Juniorzy ulegli Chrobremu

W meczu na szczycie Ligi Dolnośląskiej Juniorów Starszych piłkarze KGHM ZANAM Polkowice ulegli Chrobremu Głogów 0:2. Po 5. kolejkach polkowiczanie zajmują czwarte miejsce w tabeli.

KGHM ZANAM Polkowice – Chrobry Głogów 0:2

KGHM ZANAM Polkowice: Kopaniecki – Malawski, Kielar , Stettler, Medyński -Olszewski, Cichy, Kopeć, Osiadły – Kobyliński, Ciupka

Na zmiany wchodzili: Sobczyk, Pilewski

 

Lepiej do warunków panujących na murawie przystosowali się goście, którzy na mokrej, grząskiej płycie boiska czuli się jak ryba w wodzie.

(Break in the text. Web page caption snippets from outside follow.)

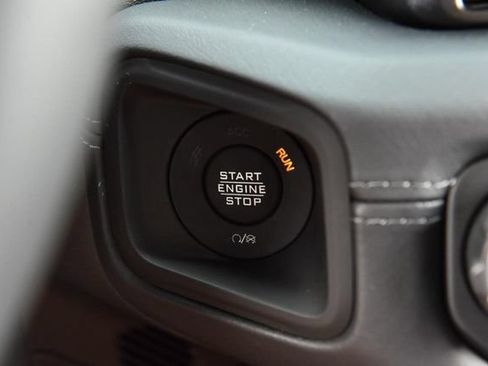 Used 2025 Jeep Wrangler Unlimited Sahara AWD/4WD image 17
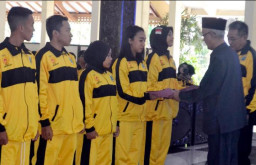 Bakar Semangat Atlet, Bupati Salwa Janjikan Bonus Puluhan Juta Bagi Peraih Medali Porprov Jatim VI.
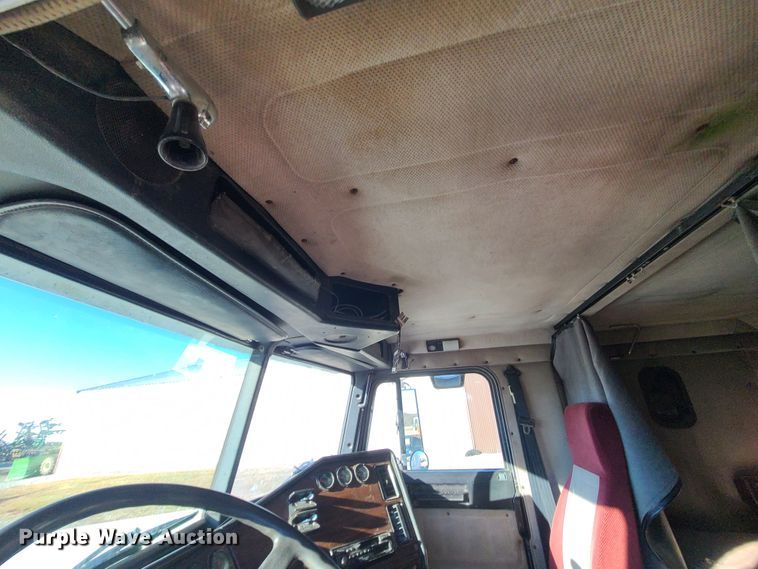 image for item GB9162 1990 Freightliner FLD120  semi truck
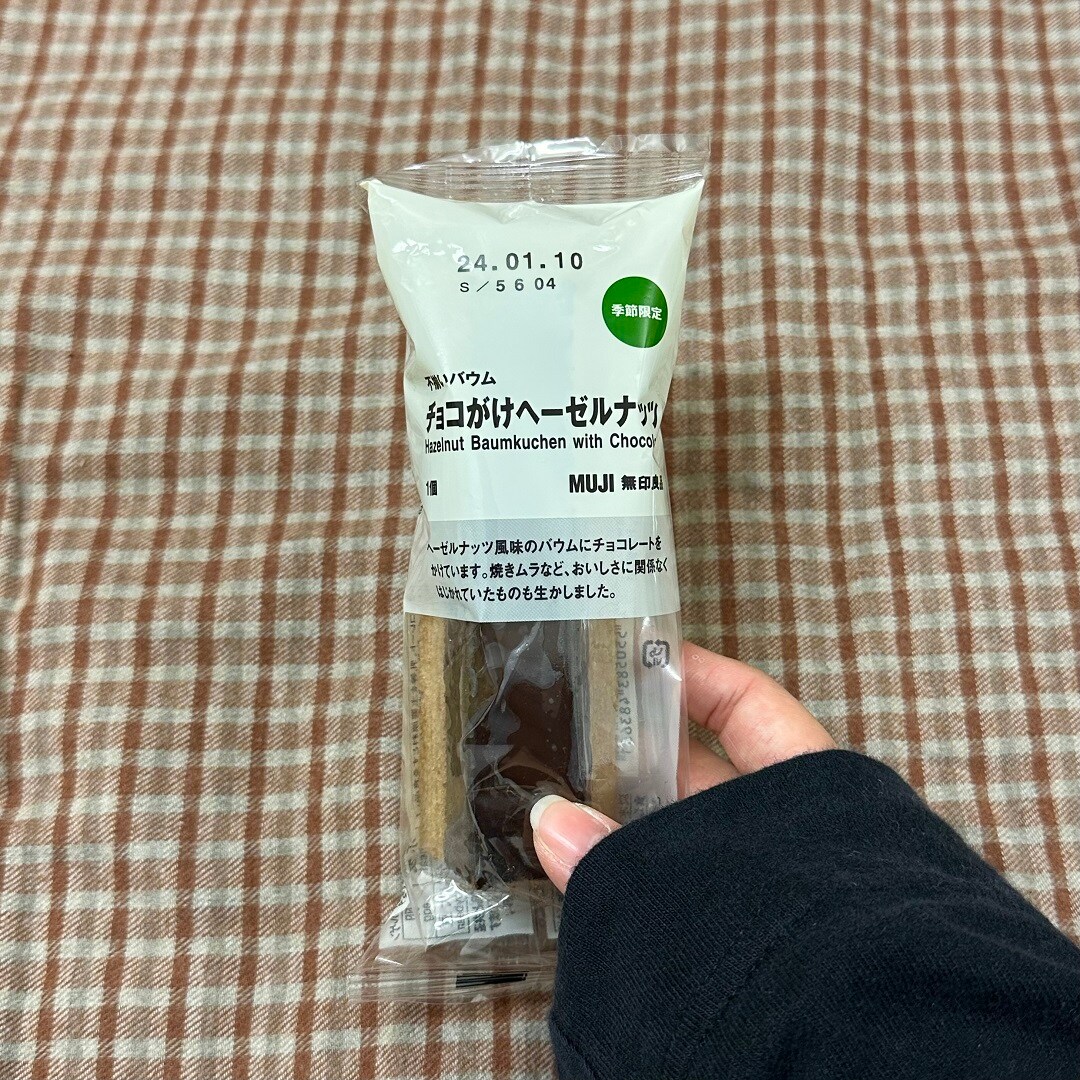 845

Składne akcje Chrobrego i bierność w poczynaniach ofensywnych i defensywnych zawodników z Polkowic były widoczne w pierwszej części meczu. Konsekwencją letargu gospodarzy była bramka zdobyta z rzutu rożnego ale i to nie podziałało na miejscowych otrzeźwiająco. Jedyną okazję do wyrównania pod koniec pierwszej części meczu miał Ciupka ale w sytuacji sam na sam z bramkarzem lepszy okazał się ten drugi broniąc strzał napastnika. 1:0 do przerwy dla Chrobrego.

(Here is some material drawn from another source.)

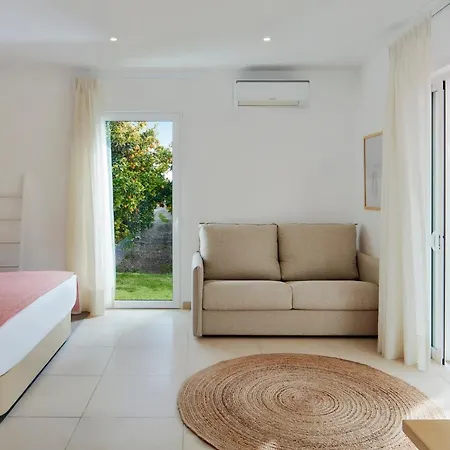 Quinta Dos Perfumes Farm stay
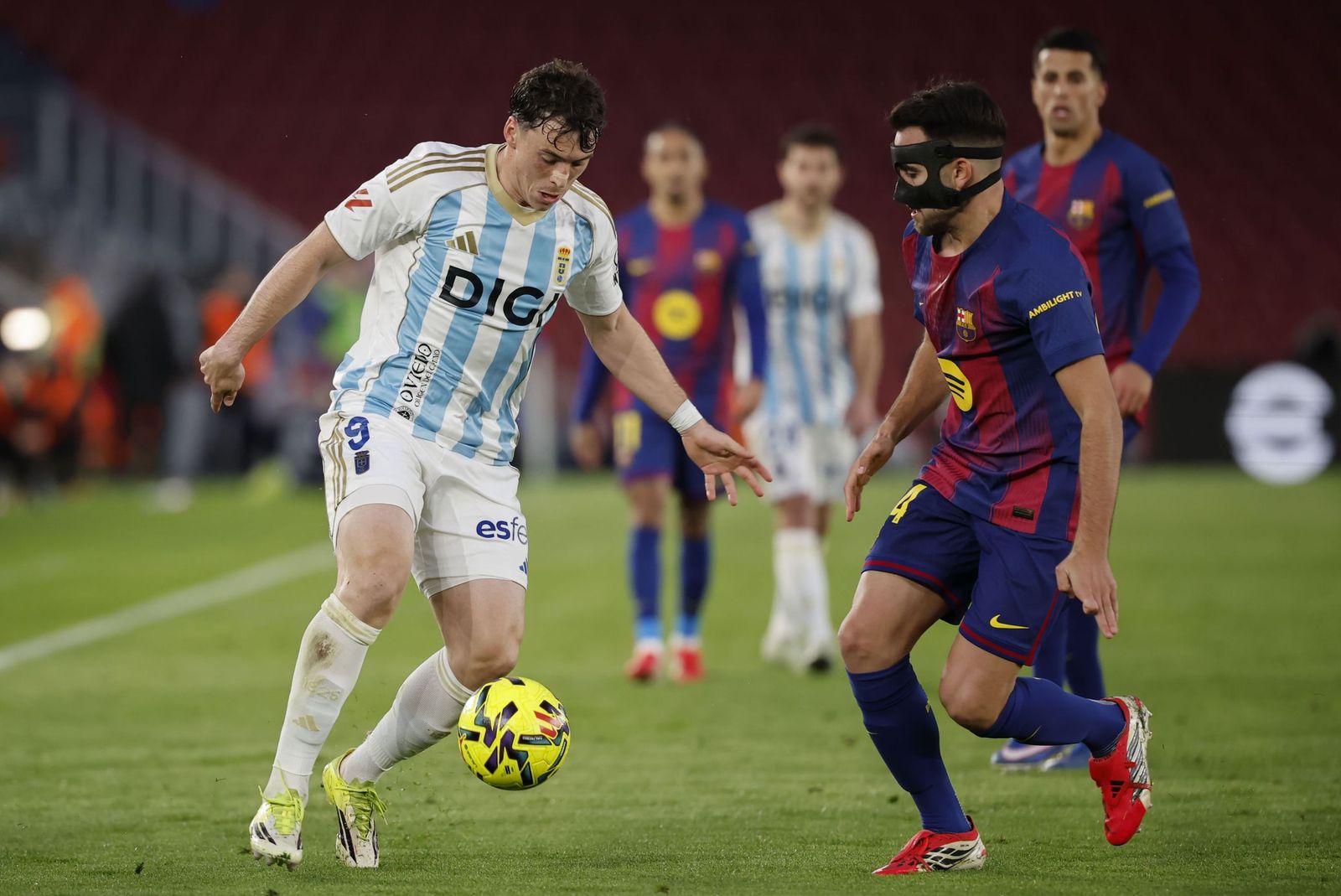 Las fotos del Barcelona-Oviedo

Początek drugiej odsłony to napór gospodarzy, którzy za wszelką cenę chcieli wyrównać stan meczu. W poczynaniach ofensywnych zielono-czarnych brakowało jednak jakości, zespołowych akcji. Dwa strzały z dystansu Cichego i Osiadłego, jedna piłka prostopadła do Kobylińskiego i strzał kończący akcję oraz sytuacja Medyńskiego z rzutu rożnego to za mało na mądrze grających gości. Chrobry przetrwał napór i w końcówce meczu dobił gospodarz, którzy wykonywali rzut rożny a kontra po przechwycie piłki Chrobrego kończy się zdobyciem bramki.

 

Trener Andrzej Wójcik: Trudno opisać to co się stało w tym spotkaniu. Tracimy kolejne punkty u siebie a zawodnicy szczególnie w pierwszych 45 minutach wyglądali jakby spotkali się na spotkaniu towarzyskim przy ciepłej kawie. Na boisku leżały koszulki bez wkładów bo większość z nas wybrała cieplejszą szatnię. Kiedy wydaje się że łapiemy rytm po ostatnich wygranych na wyjeździe, po raz kolejny lejemy na głowy zimny prysznic. Męska rozmowa w przerwie tylko na chwilę obudziła morale i honor zawodników ale to nie przełożyło się zdobycz punktową .W przerwie zimowej (plany już trwają) mamy zaklepane dwa sparingi w Niemczech z Energii Cottbus i BAK Berlin. Tylko zastanawiam się czy z takim podejściem zawodników pojedziemy tam po solidne lanie i zbieranie doświadczeń, bo znając Niemców nie będzie to spacerek. Wracając do meczu ewidentnie zabrakło piłkarskiego podejścia, złapania „byka za rogi”, charakteru i determinacji. W szatni mówiliśmy, że w razie wygranej wchodzimy na druga pozycję w tabeli ale i to nie działa na wyobraźnię części naszego zespołu. To co może zmotywować zawodników? W zespole potrzeba świeżej krwi oraz zawodników zainfekowanych obsesją wygrywania. Nie ma ludzi, których nie można zastąpić.